## [TASK REQUIREMENTS]
Under this line sits a listing. Repeat exactly and only its lines from the one holding "The ¼-inch hex" through the one holding "Experience the convenience"; skip pictures.

## [DATA]
***
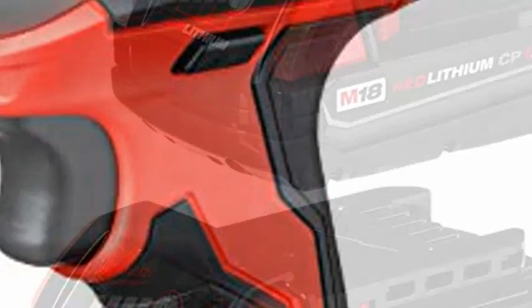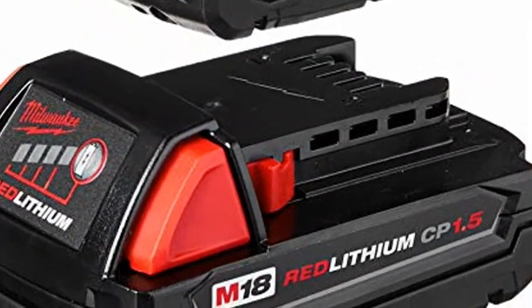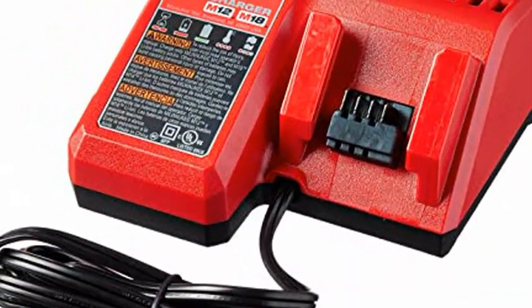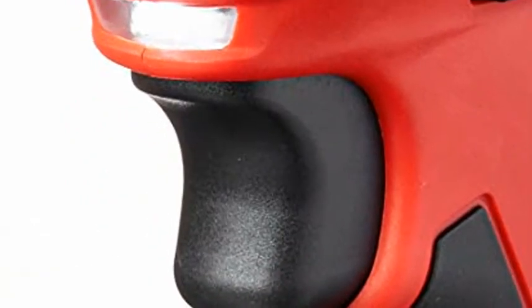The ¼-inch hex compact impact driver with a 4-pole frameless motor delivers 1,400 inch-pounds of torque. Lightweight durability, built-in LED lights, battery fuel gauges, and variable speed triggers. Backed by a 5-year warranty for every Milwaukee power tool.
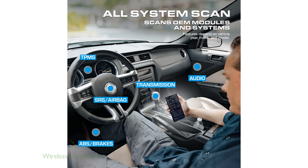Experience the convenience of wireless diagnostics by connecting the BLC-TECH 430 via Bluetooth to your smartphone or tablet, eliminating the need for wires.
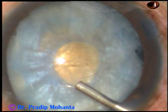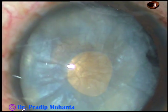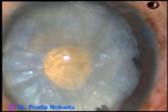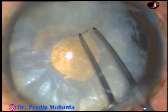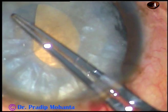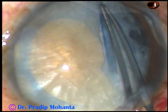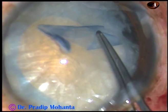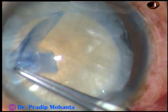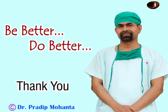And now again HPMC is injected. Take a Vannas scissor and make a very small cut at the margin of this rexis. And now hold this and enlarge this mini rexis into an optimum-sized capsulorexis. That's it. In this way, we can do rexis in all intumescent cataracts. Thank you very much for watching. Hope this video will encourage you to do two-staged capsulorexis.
***
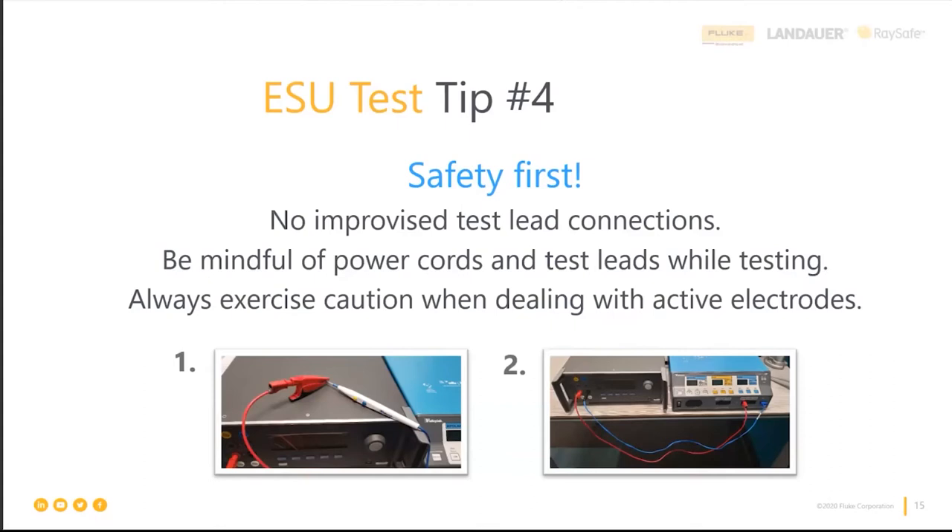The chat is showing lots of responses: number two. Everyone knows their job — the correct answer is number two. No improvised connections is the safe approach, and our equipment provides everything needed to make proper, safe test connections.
***
## [RESPONSE AREA]
The ¼-inch hex compact impact driver with a 4-pole frameless motor delivers 1,400 inch-pounds of torque. Lightweight durability, built-in LED lights, battery fuel gauges, and variable speed triggers. Backed by a 5-year warranty for every Milwaukee power tool.
Experience the convenience of wireless diagnostics by connecting the BLC-TECH 430 via Bluetooth to your smartphone or tablet, eliminating the need for wires.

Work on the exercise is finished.